Winslow Homer, "A Fair Wind"

Sports Saturday

I hope you’ll indulge me as I sing the praises of one of my student athletes.  Meredith Powlison, who wrote a senior project on Milan Kundera under my direction, helped the St. Mary’s College of Maryland sailing team qualify for the three major collegiate national championships—which is to say, women’s racing, co-ed racing, and team-racing. Talking about her accomplishments gives me an excuse for posting one of my favorite sailing poems.

The championships were held in late May and early June in Cascade Locks, Oregon . Although Meredith did not bring home any national championships (St. Mary leads all colleges with 15 such championships since 1993), she did very well.  As she describes it,

We were the only team to place in the top five at all three events, which is a major achievement. I sailed each of the nine days. I sailed the entire women’s event, which was in very light air with a ton of current. The conditions were really challenging, and we were in contention to win the event on the last day, which is something that we always want.

I sailed all but two of the team races. Again, we were close to making the final four on the last day. That event was a bit windier, but again with a ton of current.

For the last event, I sailed about two thirds of the races- the last two days got windy towards the end of the day so we stepped up to heavier crews.  It was a really long event for Megan and me—nine days—but I feel like we worked really hard even when the racing was frustrating. And, aside from our results, we both got named to the All-America team, and Megan was a finalist for female college sailor of the year (but unfortunately didn’t win that award). So, even while we didn’t come away with a championship win, we felt pretty good about what we pulled off in tough conditions.

Meredith entered the work world on Monday.  She will be web editor for Sailing World, Cruising World, and Yachting . Roger Williams University, incidentally, won the team race while University of Rhode Island won the women’s race and Boston College won the the co-ed race.

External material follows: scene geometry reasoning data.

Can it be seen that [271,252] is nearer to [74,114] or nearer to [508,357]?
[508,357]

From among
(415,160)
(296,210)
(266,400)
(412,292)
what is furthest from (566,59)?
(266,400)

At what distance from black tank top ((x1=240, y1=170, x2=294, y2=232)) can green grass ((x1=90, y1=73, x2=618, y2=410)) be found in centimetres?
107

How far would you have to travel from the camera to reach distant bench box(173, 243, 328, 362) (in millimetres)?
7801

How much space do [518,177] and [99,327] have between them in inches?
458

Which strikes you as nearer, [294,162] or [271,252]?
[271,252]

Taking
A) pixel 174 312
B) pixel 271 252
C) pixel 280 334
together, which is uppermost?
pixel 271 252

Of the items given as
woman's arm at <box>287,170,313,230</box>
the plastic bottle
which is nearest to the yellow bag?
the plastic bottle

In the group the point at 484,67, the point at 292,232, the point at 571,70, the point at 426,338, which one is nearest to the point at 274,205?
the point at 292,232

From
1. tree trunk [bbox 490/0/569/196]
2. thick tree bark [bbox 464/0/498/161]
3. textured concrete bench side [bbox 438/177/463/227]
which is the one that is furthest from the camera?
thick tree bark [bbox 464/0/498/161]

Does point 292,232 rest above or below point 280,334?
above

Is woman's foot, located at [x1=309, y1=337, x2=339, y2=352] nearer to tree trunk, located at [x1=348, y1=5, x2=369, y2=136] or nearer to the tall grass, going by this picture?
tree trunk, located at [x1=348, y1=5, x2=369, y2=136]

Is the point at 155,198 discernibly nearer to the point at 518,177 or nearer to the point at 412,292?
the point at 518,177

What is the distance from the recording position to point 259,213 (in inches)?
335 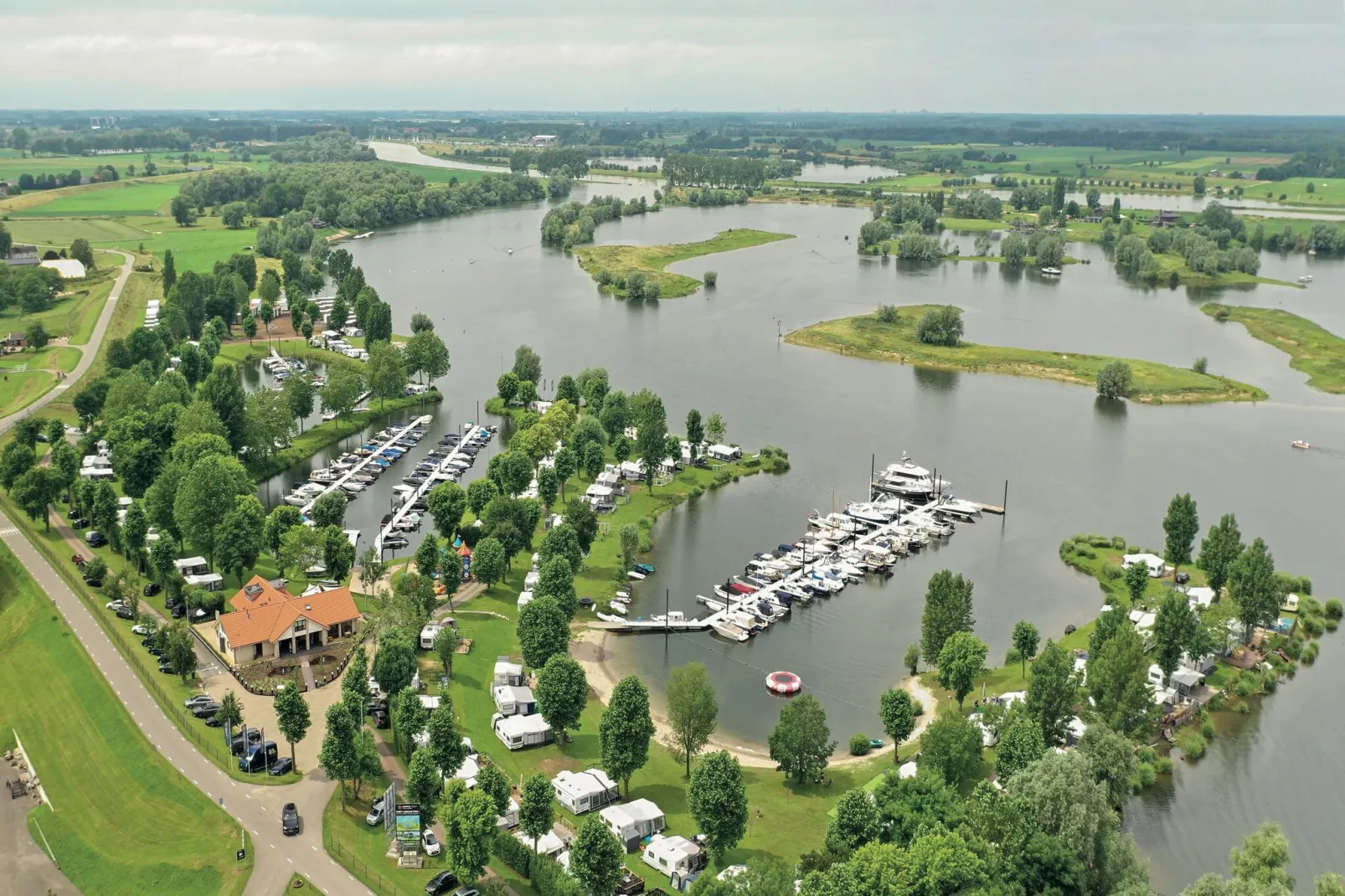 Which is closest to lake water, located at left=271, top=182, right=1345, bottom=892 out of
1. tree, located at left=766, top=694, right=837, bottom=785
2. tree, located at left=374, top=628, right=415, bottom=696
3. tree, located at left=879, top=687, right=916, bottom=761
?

I loved John Masefield’s “Sea Fever” when I was a boy.  It’s not about competitive racing as it describes being alone with the wind and the waves early in the morning. Nevertheless, I can imagine Meredith liking it.  She knows what it’s like to give oneself over to “the gull’s way and the whale’s way”—much of competitive sailing involves reading the wind and the currents–and how the wind can feel like a whetted knife (the sailing team begins its spring semester practices in February).

Here’s the poem:

Sea Fever

by John Masefield

I must down to the seas again, to the lonely sea and the sky,
And all I ask is a tall ship and a star to steer her by;
And the wheel’s kick and the wind’s song and the white sail’s shaking,
And a grey mist on the sea’s face, and a grey dawn breaking.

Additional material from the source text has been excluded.